Description of the task
Whatever lies between the line with "HOMCOM Aparador para" and the end of the data, both included, must be copied exactly and without pictures.

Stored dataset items
--- START ---

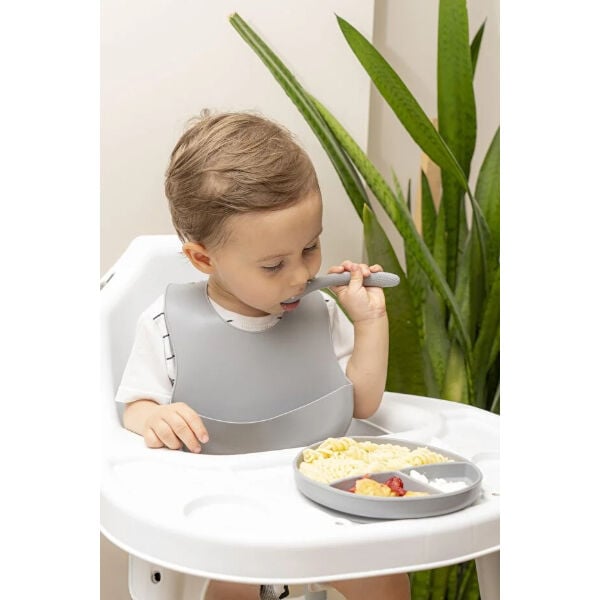 Gri 3 lü Silikon Yemek Seti - Önlük + Diş Kaşıyıcılı Kaşık + Vakumlu Tabak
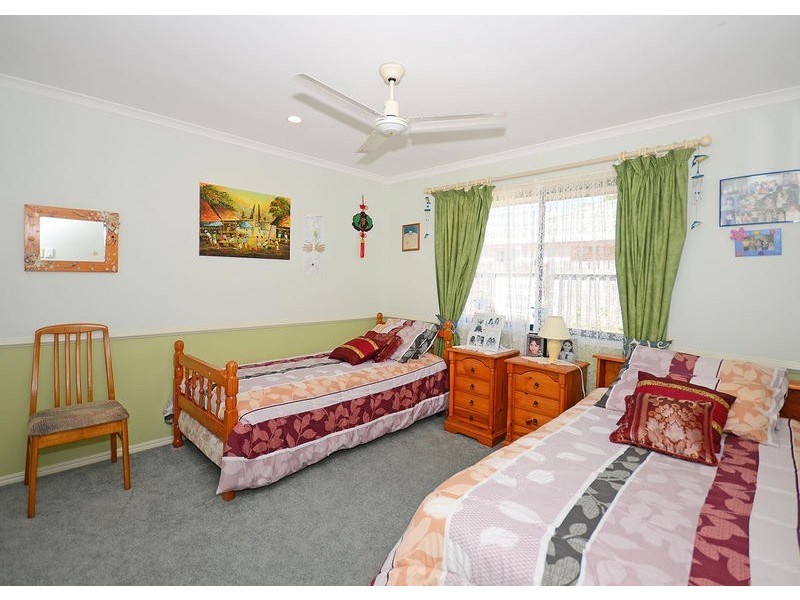 20 Lester Cres, Torquay QLD 4655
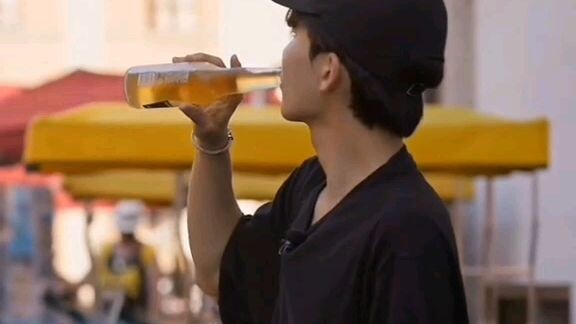 Just Yoon Jeonghan drinking beer 😳😳 why does he look s hot?!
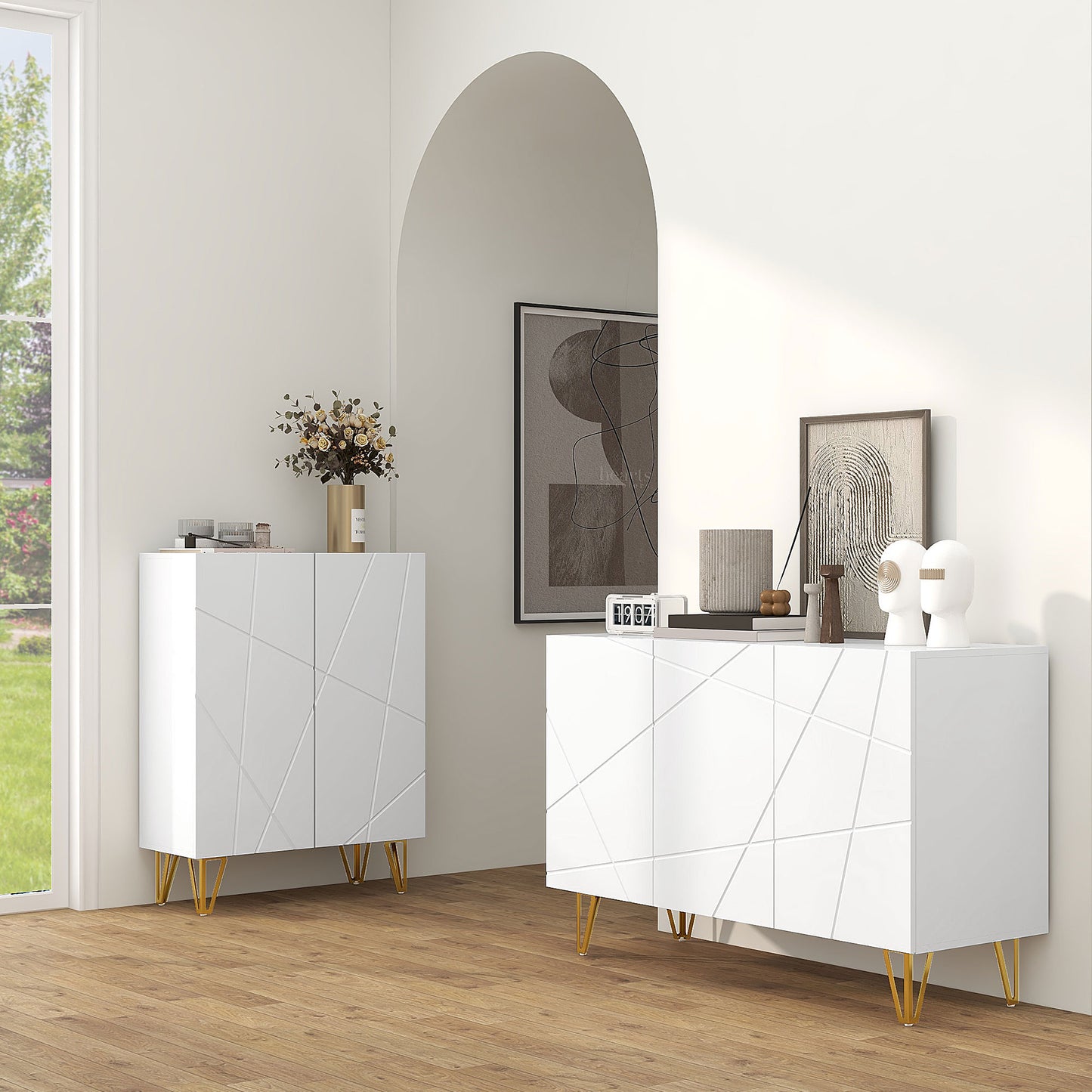 HOMCOM Aparador para Salón Aparador de Entrada con 3 Puertas y Estantes Ajustables Armario de Almacenamiento para Cocina Sala 120x40x75 cm Blanco Brillante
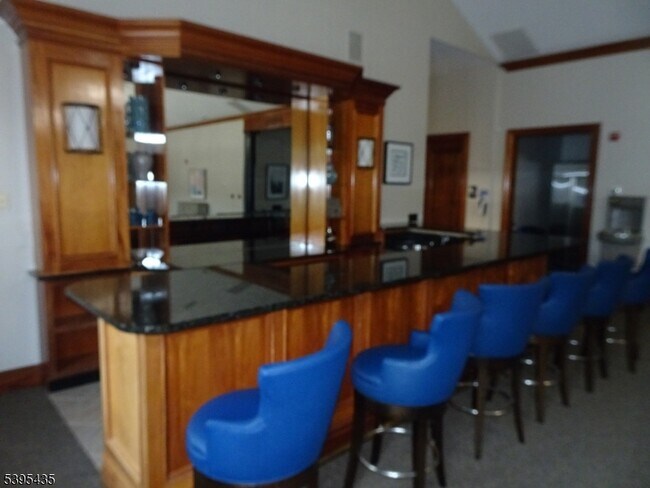 Building Photo - 112 Limerick Ln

--- END ---

Solution
 HOMCOM Aparador para Salón Aparador de Entrada con 3 Puertas y Estantes Ajustables Armario de Almacenamiento para Cocina Sala 120x40x75 cm Blanco Brillante
 Building Photo - 112 Limerick Ln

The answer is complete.